The World Health Organization recommends 4 triage strategies for women with high-risk human papillomavirus infection (hrHPV). These include visual inspection with acetic acid (VIA), colposcopy, reflex cytology, and HPV16/18 partial genotyping. However, in many low-resource settings, access to colposcopy remains limited. This study aimed to compare the diagnostic accuracy of visual inspection vs colposcopy for detecting cervical intraepithelial neoplasia grade 2 or worse (CIN2⁺).

Methods

Women who tested positive for hrHPV and were referred for colposcopy, with cytology results available as part of routine clinical care, underwent visual inspection with 3% acetic acid immediately before colposcopy. Colposcopic impressions were recorded, and images were scored using a modified Reid colposcopic index and a modified Swede score without iodine staining.
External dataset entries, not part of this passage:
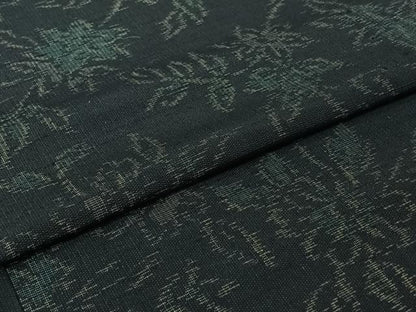 平和屋着物▽上質な紬　単衣　草花文　正絹　逸品　AABJ0226jh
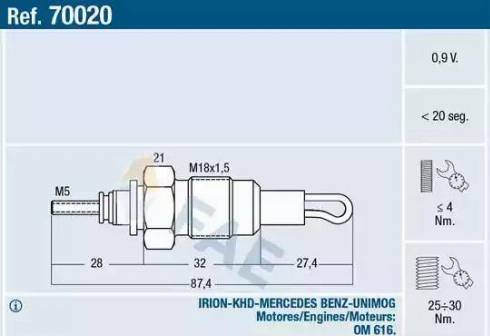 FAE 70020 - Свеча накаливания autodnr.net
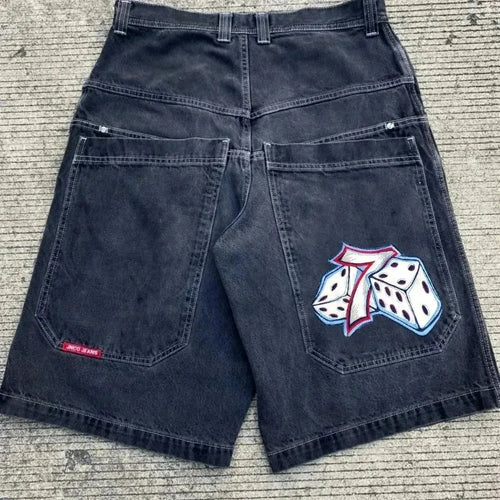 Y2K Baggy Shorts Mens New Wing Embroidered Denim Shorts Vintage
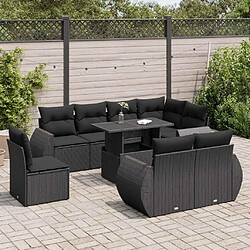 vidaXL Salon de jardin 9 pcs avec coussins noir résine tressée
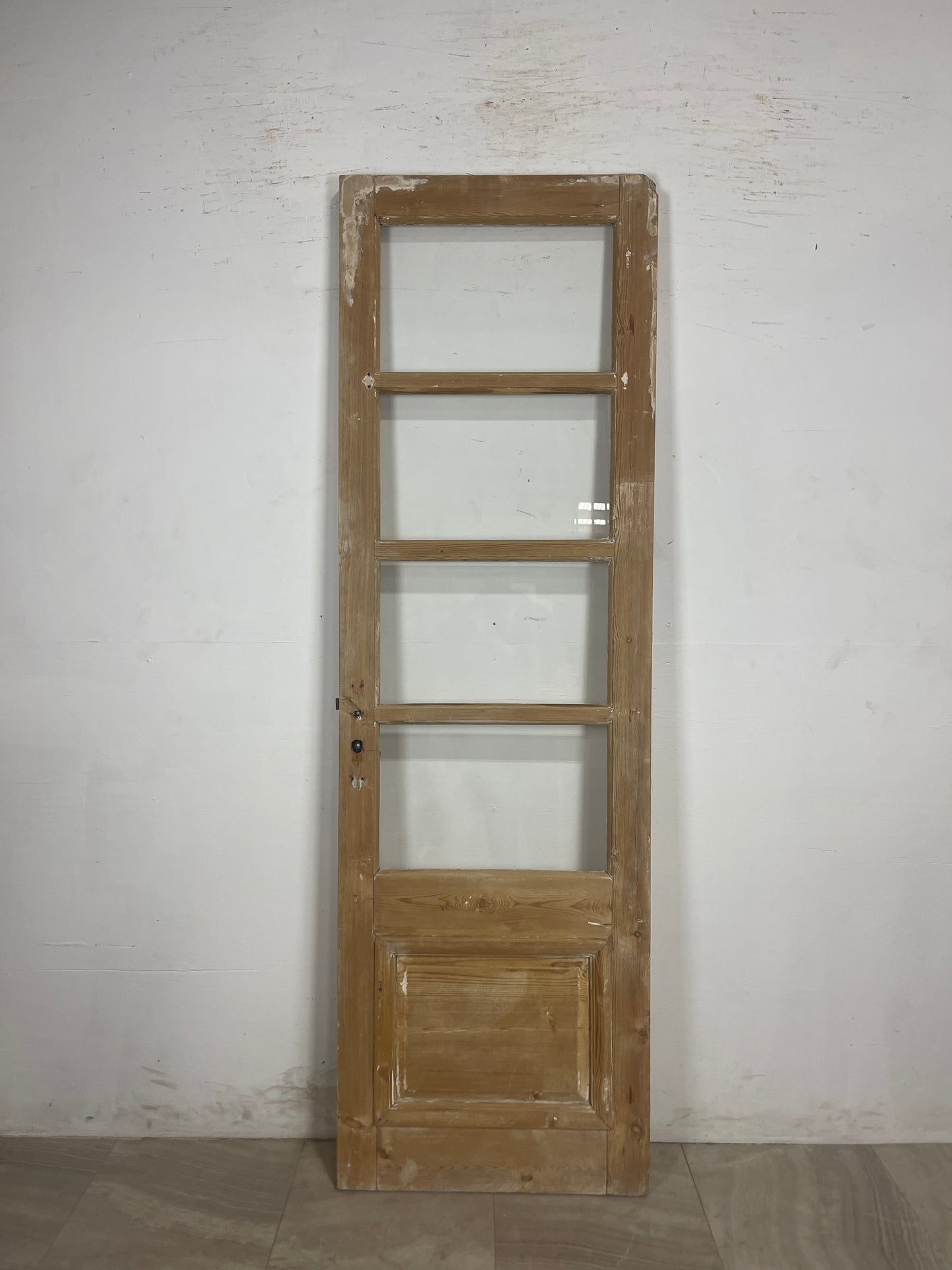 Antique French Panel Door with Glass  (88.5 x 27.5) N183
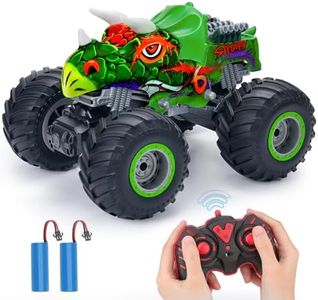 PREBOX Monster Truck Télécommandé pour Garçons 8-12, Jouets de Voiture Taureau Dinosaure RC pour Enfants 4-7, Cadeaux d'anniversaire pour Garçons avec Lumières Musicales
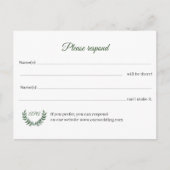 Green Branches RSVP Postcard ポストカード (正面)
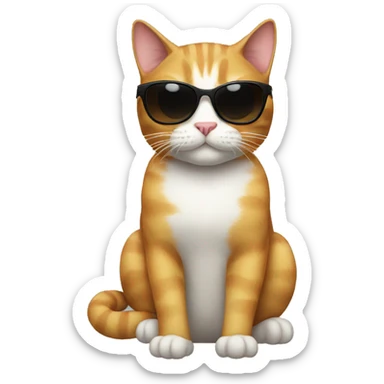 Cat with sunglasses sticker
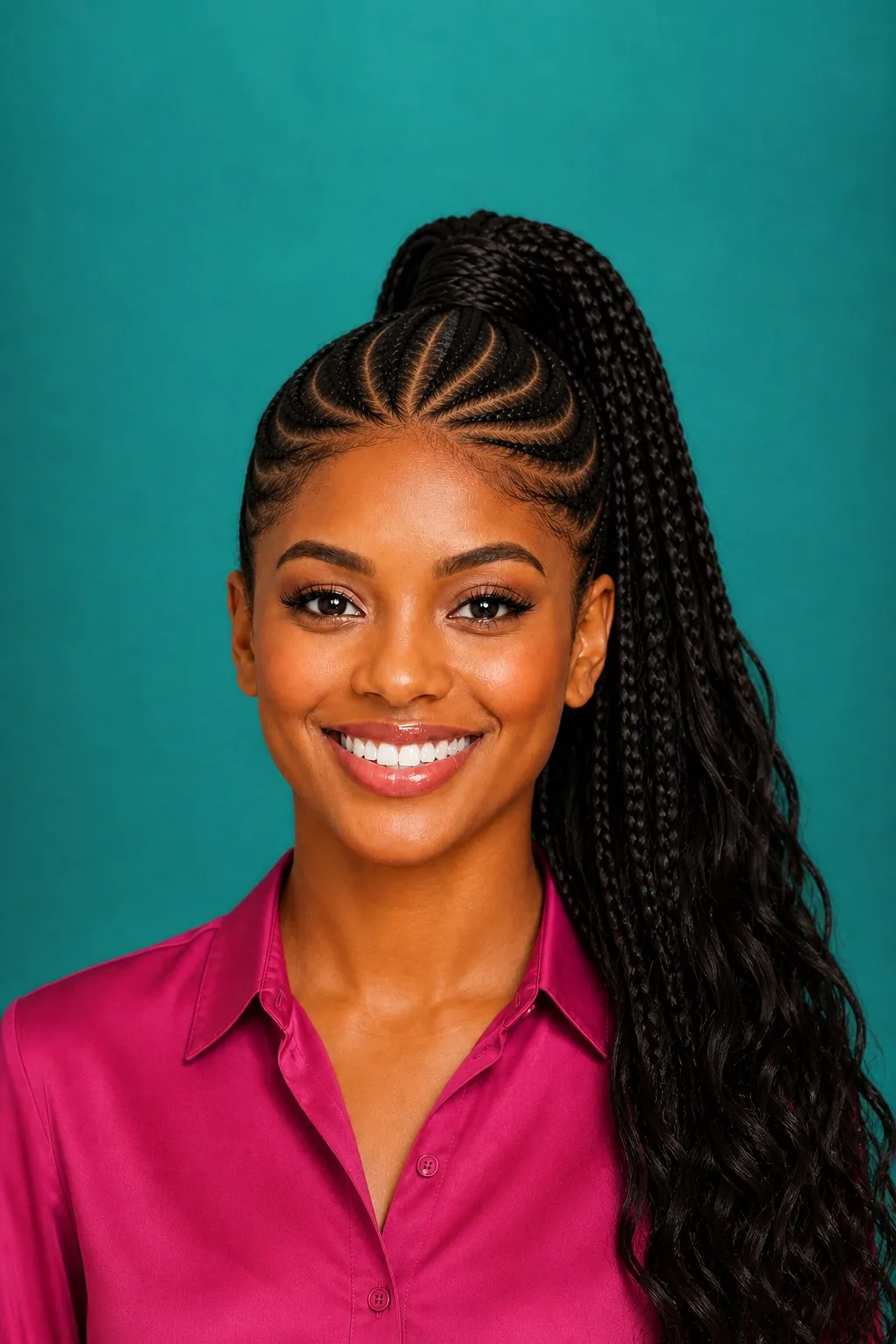 Ghana Braids to Ponytail, a Kayla preview made with AI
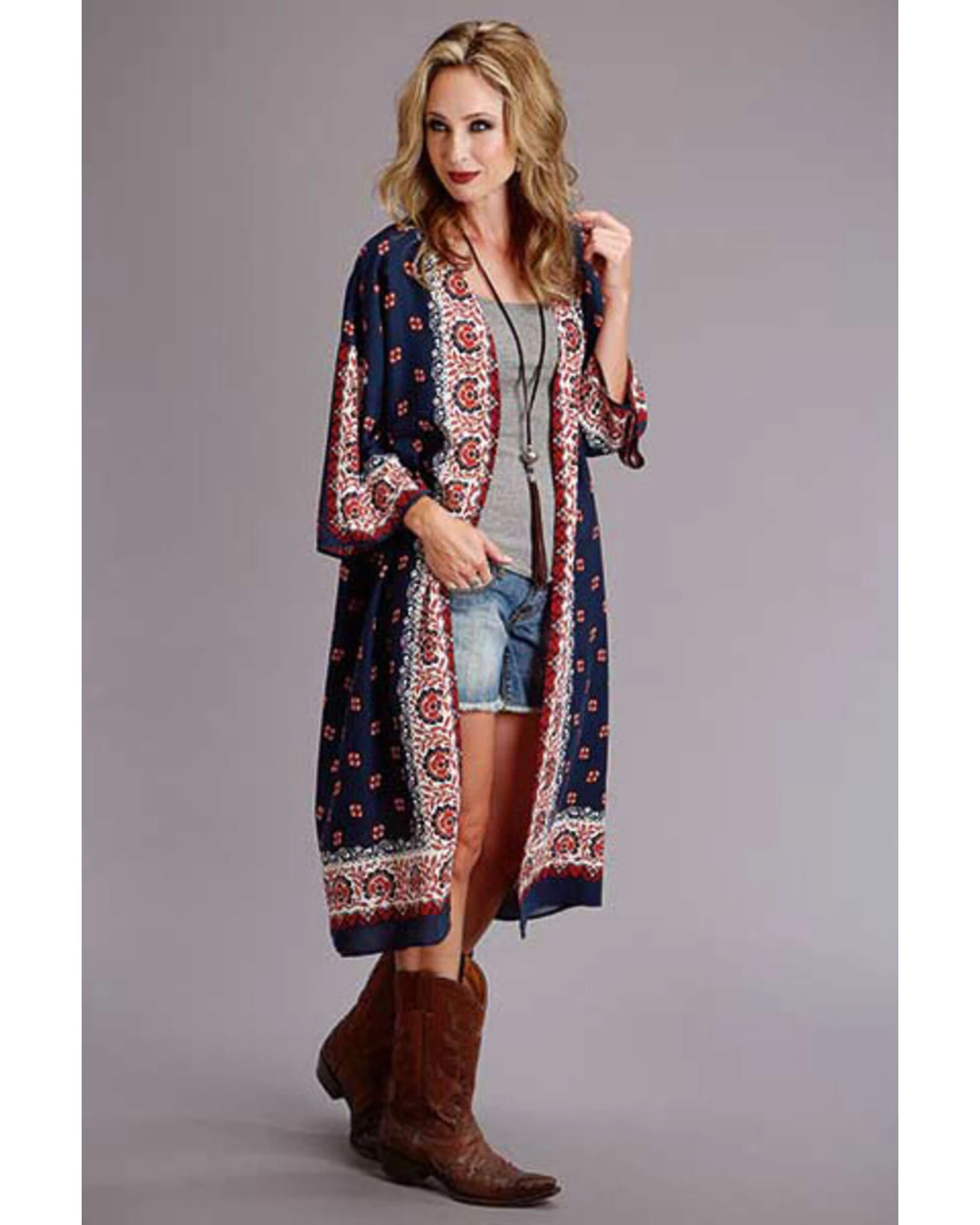 Stetson Women's Bandana Scarf Kimono 2 Stetson Women's Bandana Scarf Kimono - Image 2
We compared diagnostic performance for CIN2⁺ across visual inspection, colposcopic impression, modified Reid index (score ≥4), and modified Swede score (score ≥5). Statistical analysis used IBM SPSS Statistics and the Cochran Q test, with significance set at P < .05.

Results

Among 450 women, the median age was 38.0 years. A single hrHPV type was detected in 70.4% of cases; types 16, 52, and 18 were most common. Histopathological confirmation of CIN2⁺ occurred in 97 women (21.6%). Diagnostic accuracy for predicting CIN2⁺ was 78.2% with VIA and 77.5% with colposcopic impression. Accuracy was 78.4% for the modified Reid index ≥4 and 78.2% for the modified Swede score ≥5. No significant differences were observed among the 4 methods (P = .941).

Conclusions

VIA demonstrates diagnostic accuracy comparable to colposcopy-based assessments in hrHPV-positive women evaluated within a cytology-informed clinical pathway, supporting its potential role in resource-limited settings.

Plain Language Summary

Introduction: The World Health Organization recommends four ways to check women who test positive for high-risk human papillomavirus (HPV): visual inspection with acetic acid (VIA), colposcopy, reflex cytology (Pap smear after HPV test), and testing for HPV types 16 and 18. In many low-resource countries, however, colposcopy is hard to access. Objective: This study compared how well VIA and colposcopy can detect serious cervical changes (CIN2 or worse). Methods: Women who tested positive for high-risk HPV were examined with VIA and then with colposcopy. Colposcopy findings were scored using two standard systems (Reid and Swede scores). We compared the ability of these tests to identify CIN2+. Results: 450 women were included, with a median age of 38 years. Most women (70%) had only one type of HPV, most often types 16, 52, or 18. CIN2+ was confirmed in 97 women (about 22%). Accuracy rates were: 78.2% for VIA 77.5% for colposcopic impression 78.4% for Reid score ≥478.2% for Swede score ≥5. There was no significant difference between the four methods. Conclusions: VIA worked just as well as colposcopy-based methods for finding serious cervical changes in women with high-risk HPV. This suggests VIA could be a practical alternative in places where colposcopy is not widely available.

Keywords

cervix colposcopy HPV low-resource setting screening VIA women

Introduction

Since the World Health Organization announced its 90-70-90 targets by 2030, stakeholders have aimed to eliminate cervical cancer by the next century.¹ To overcome barriers to provider-based screening, self-collected high-risk human papillomavirus (hrHPV) testing offers a promising solution. This approach exemplifies primary hrHPV screening—which replaces cytology as the first-line test— and incorporates a self-sampling strategy to expand coverage among women who cannot easily access providers while delivering high sensitivity. However, primary hrHPV screening programs must implement effective and affordable triage tests to identify women with cervical intraepithelial neoplasia grade 2 or worse (CIN2⁺). Those women should then be referred for diagnostic procedures or specialist evaluation.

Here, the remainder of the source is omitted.